Upon conviction under this section the court shall impose a minimum sentence of imprisonment of not less than 72 consecutive hours.... Upon conviction under this section the court shall impose a minimum sentence of imprisonment of not less than 20 consecutive days and a fine of not less than $500 if, within the preceding 10 years, the person has been previously convicted once in this or another jurisdiction of driving while intoxicated under this or another law or ordinance with substantially similar elements or refusal to submit to a chemical test under AS 28.35.032 or another law or ordinance with substantially similar elements. Upon conviction under this section the court shall impose a minimum sentence of imprisonment of not less than 30 consecutive days and a fine of not less than $1,000 if, within the preceding 10 years, the person has been previously convicted in this or another jurisdiction of more than one of the following offenses: [DWI or related offenses]. The execution of sentence may not be suspended nor may probation be granted except on condition that the minimum imprisonment provided in this section is served. Imposition of sentence may not be suspended. In addition, if the offense involved driving a motor vehicle for which a driver’s license is required, the person’s driver’s license shall be revoked in accordance with AS 28.15.181_

. The district court correctly treated both 1985 convictions as first offenses because the two convictions were entered simultaneously, neither was a “prior” conviction with respect to the other. Tulowetzke v. Dept. of Public Safety, 743 P.2d 368, 369 n. 1 (Alaska 1987); State v. Rastopsoff, 659 P.2d 630, 636 (Alaska App.1983).

. We granted review because we concluded that the issue was of general significance warranting clarification in a published opinion. State v. Price, 715 P.2d 1183, 1186 (Alaska App.1986).

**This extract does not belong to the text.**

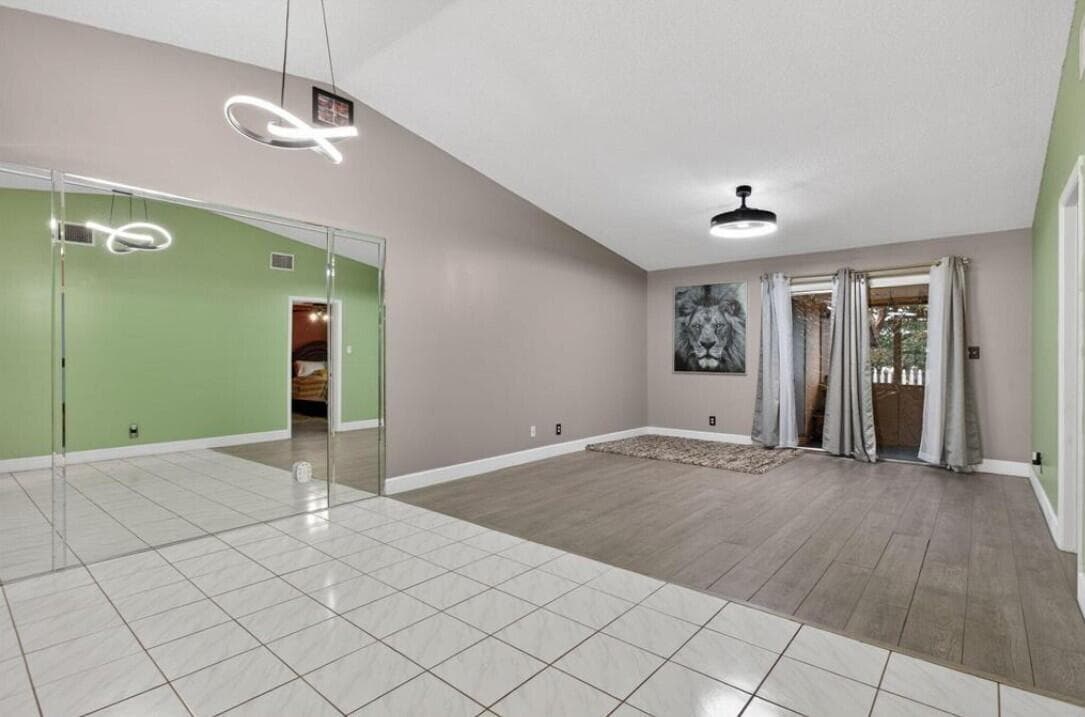 540 NW 43rd Street photo 12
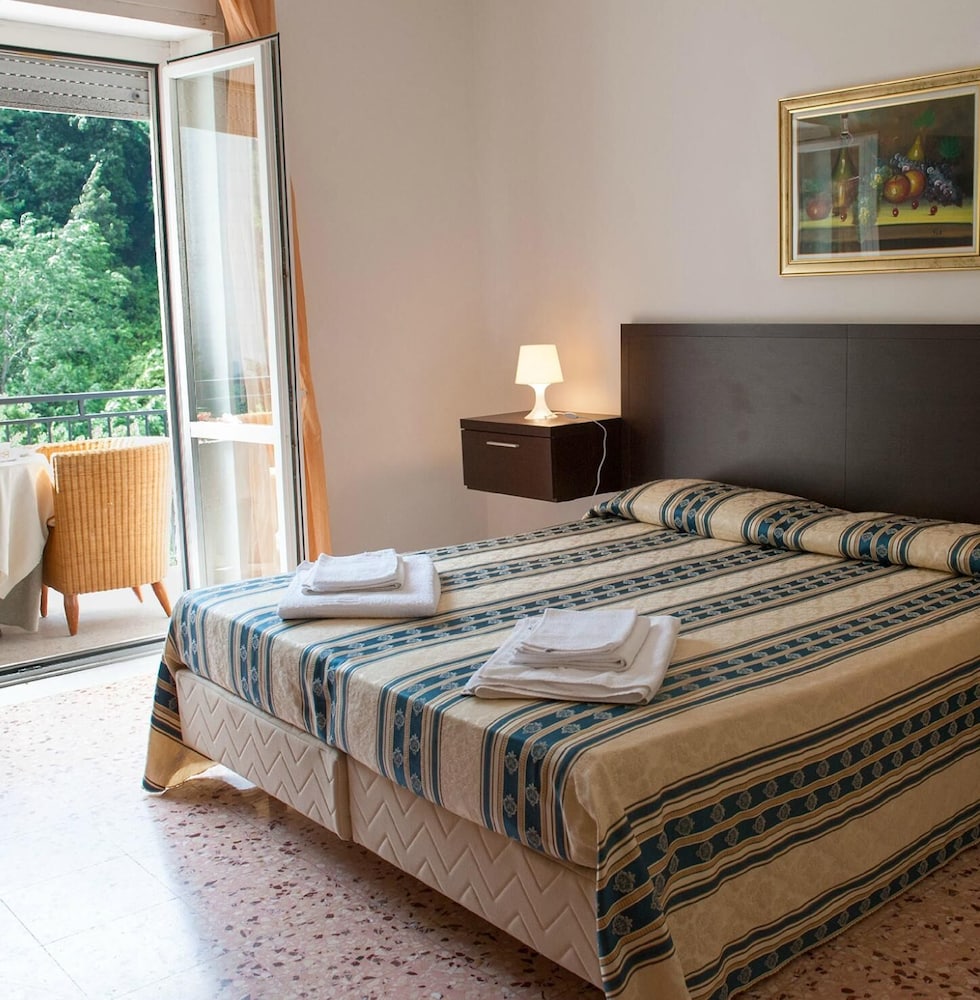 Triple Room, Balcony photo 2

. The DMV revoked Tulowetzke’s license pursuant to AS 28.15.165(d) which incorporates by reference AS 28.15.181(c). The supreme court pointed out that this provision "ensures consistency between administrative and criminal revocation periods by obligating both the DMV and the district court to apply AS 28.15.181(c).” Tulowetzke, 743 P.2d at 370 n. 3. The court made it clear, however, that “the provision did not require the DMV to adhere to revocation periods imposed by the district court during sentencing if those periods violate AS 28.15.181(c)." Id.

. The legislature amended AS 28.35.030 in ch. 152 §§ 2 and 3, SLA 1978, and the Governor approved the amendments on July 12, 1978. Alaska Statute 28.15.181 was enacted by ch. 178 § 19, SLA 1978. The presumptive sentencing scheme was enacted by ch. 166 § 12, SLA 1978. These provisions were approved by the Governor on July 17, 1978.